I am trying to follow along with the guide at http://www.hackevolve.com/where-cnn-is-looking-grad-cam/, using Tensorflow's new eager execution mode. One line in particular has me stumped:
grads = K.gradients(class_output, last_conv_layer.output)[0]
I understand that it is finding the gradients between the last convolutional layer and the output for the particular class. However, I cannot figure out how to accomplish this using GradientTape, since (a) both are tensors and not variables, and (b) one is not directly derived from the other (their feature maps already exist, so without a graph they are effectively independent).
Edit: Some more information.
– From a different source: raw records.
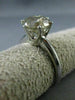 ESTATE 2.52CT ROUND DIAMOND PLATINUM 3D CLASSIC SOLITAIRE ENGAGEMENT RING #20219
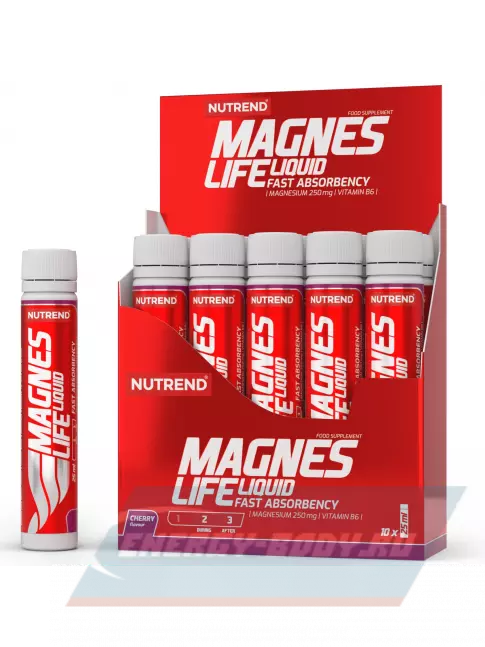  NUTREND MagnesLife 10 х 25 мл, Вишня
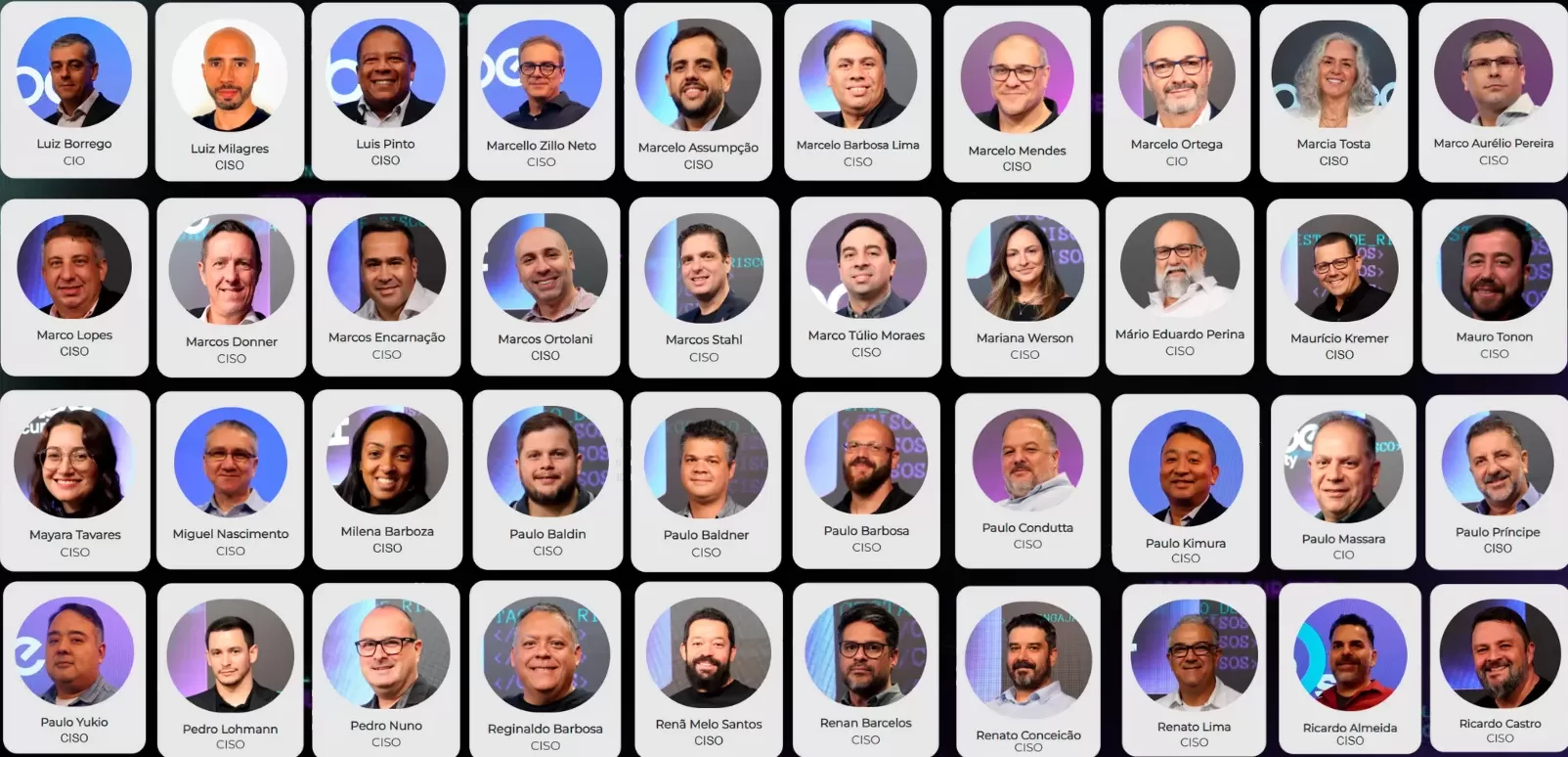 Homenageados da 5ª edição - parte 4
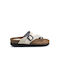 Pegabo Leather Women's Sandals White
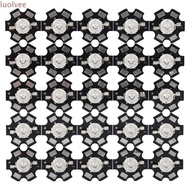LUOLVMY 25PCS LED Chips, 3W Power Aluminium Base 3W LED Chips, Compact 25PCS Ultraviolet Chip 395nm-
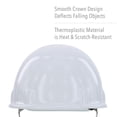 thumbnail image 2 of Casco duro tipo gorra termoplástico SuperEight de Honeywell de fibra metálica con suspensión de trinquete de 8 puntos Alta visibilidad Naranja fuerte Mediano, 2 of 7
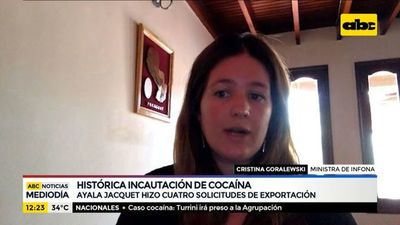 Ayala Jacquet hizo cuatro solicitudes de exportación, según Infona - ABC Noticias - ABC Color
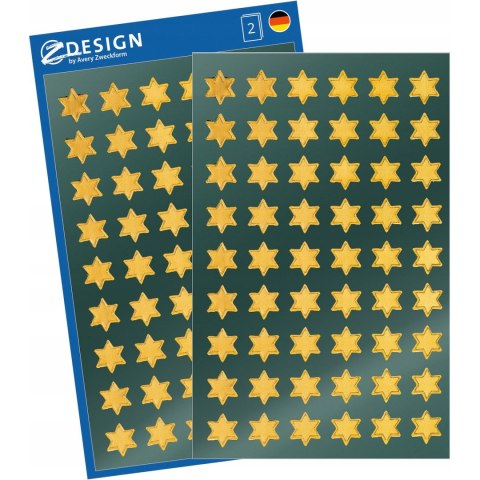 Naklejki Z-Design - złote gwiazdy 52802 AVERY ZWECKFORM Naklejki Z-Design - złote gwiazdy 52802 AVERY ZWECKFORM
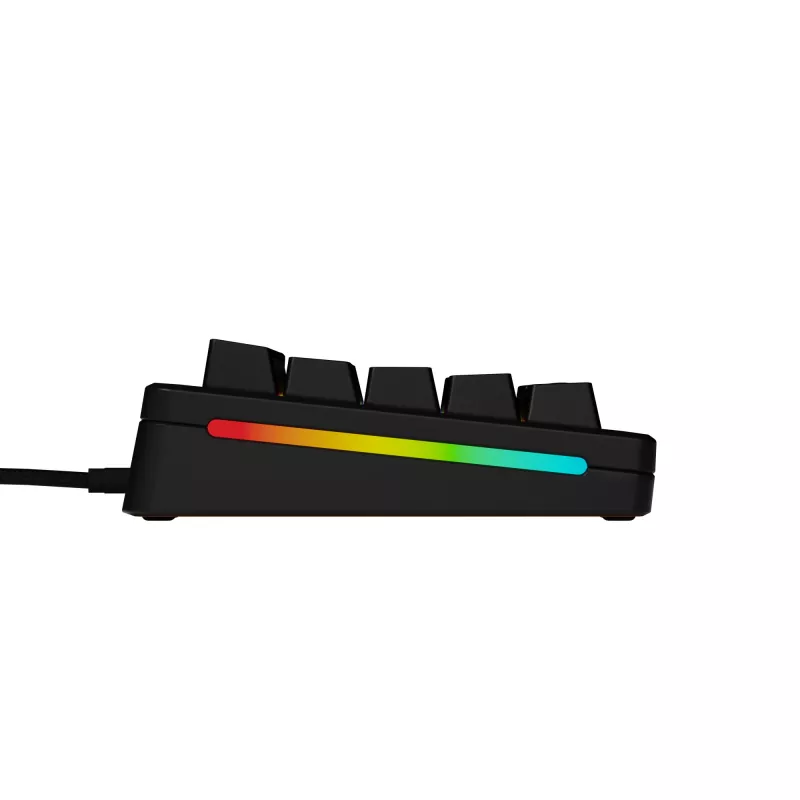 Glorious Gaming GMMK 3 HE 65% Prebuilt Wired čierna - FR, káblová, USB, mechanická, AZERTY, RGB LED, čierna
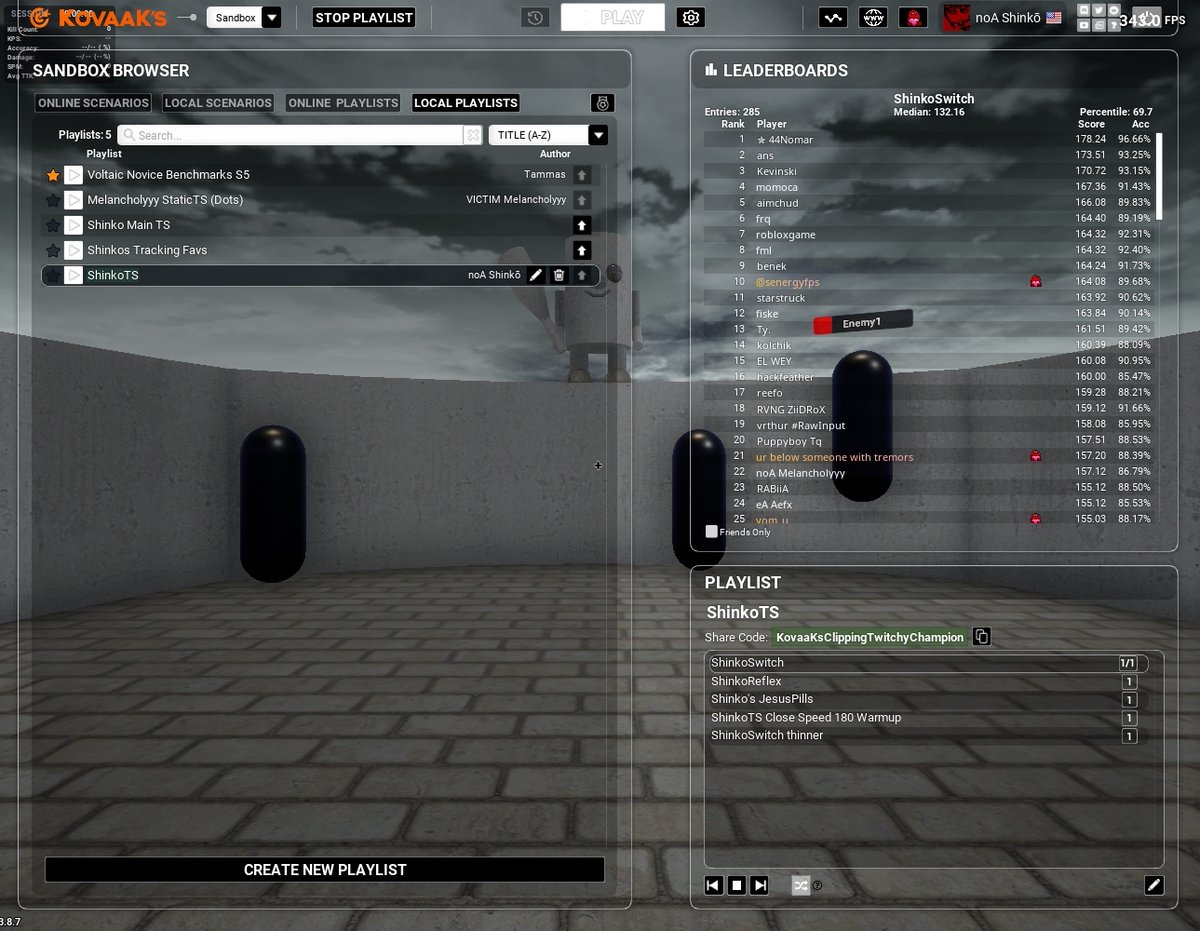 KovaaKsClippingTwitchyChampion

Finally made the playlist thanks to <a href="/wa11p1per/">wa11p1per the creator</a> if you guys want to give these a go for simple target switching fundamentals GLHF. <a href="/noAimHQ/">noAim</a>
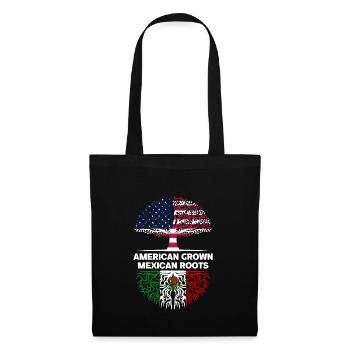 American grown Mexican Roots Mexico - Tote Bag - black - Front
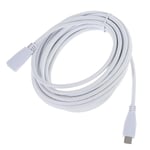 5a 20v USB Typ-C Förlängningskabel, USB-C 2.0 Hona till USB Hanne Förlängare - Perfekt 5m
No takers yet on answering, so I'll go ahead and add what I have tried since I posted the question:
The obvious steps are reproducing the first part with Eager execution.
import numpy as np
import cv2
import tensorflow as tf
tf.enable_eager_execution()
model = tf.keras.models.load_model("model.h5")
print(type(model))
# tensorflow.python.keras.engine.sequential.Sequential
from dataset import prepare_dataset
_, ds, _, _, _, _ = prepare_dataset() # ds is a tf.data.Dataset
print(type(ds))
# tensorflow.python.data.ops.dataset_ops.DatasetV1Adapter
it = train_ds.make_one_shot_iterator()
img, label = it.get_next()
print(type(img), img.shape)
# <class 'tensorflow.python.framework.ops.EagerTensor'> (192, 192, 3)
print(type(label), label.shape)
# <class 'tensorflow.python.framework.ops.EagerTensor'> (2,)
img = np.expand_dims(img, axis=0)
print(img.shape)
# (1, 192, 192, 3)
predictions = model.predict(img)
print(predictions)
# array([[0.9711799 , 0.02882008]], dtype=float32)
class_idx = np.argmax(predictions[0])
print(class_idx)
# 0
class_output = model.output[:, class_idx]
print(model.output, class_output)
# Tensor("Softmax:0", shape=(?, 2), dtype=float32) Tensor("strided_slice_5:0", dtype=float32)
# I use tf.keras.layers.Activation instead of the activation parameter of conv2d,
# so last_conv_layer actually points to the layer after the last conv layer.
# Is that not correct?
last_conv_layer = model.get_layer('activation_6')
"""
Now, the fun part: how do I compute the gradient of class_output with respect to
the output of the last convolutional layer?
"""
One attempt is using reduce_sum and multiply to get the desired gradient (ignore the class_output step):
with tf.GradientTape() as tape:
print(label)
# tf.Tensor([1. 0.], shape=(2,), dtype=float32)
y_c = tf.reduce_sum(tf.multiply(model.output, label))
print(y_c)
# Tensor("Sum_4:0", shape=(), dtype=float32)
last_conv_layer = model.get_layer('activation_6')
grad = tape.gradient(y_c, last_conv_layer.output)
However, grad is None in this setup.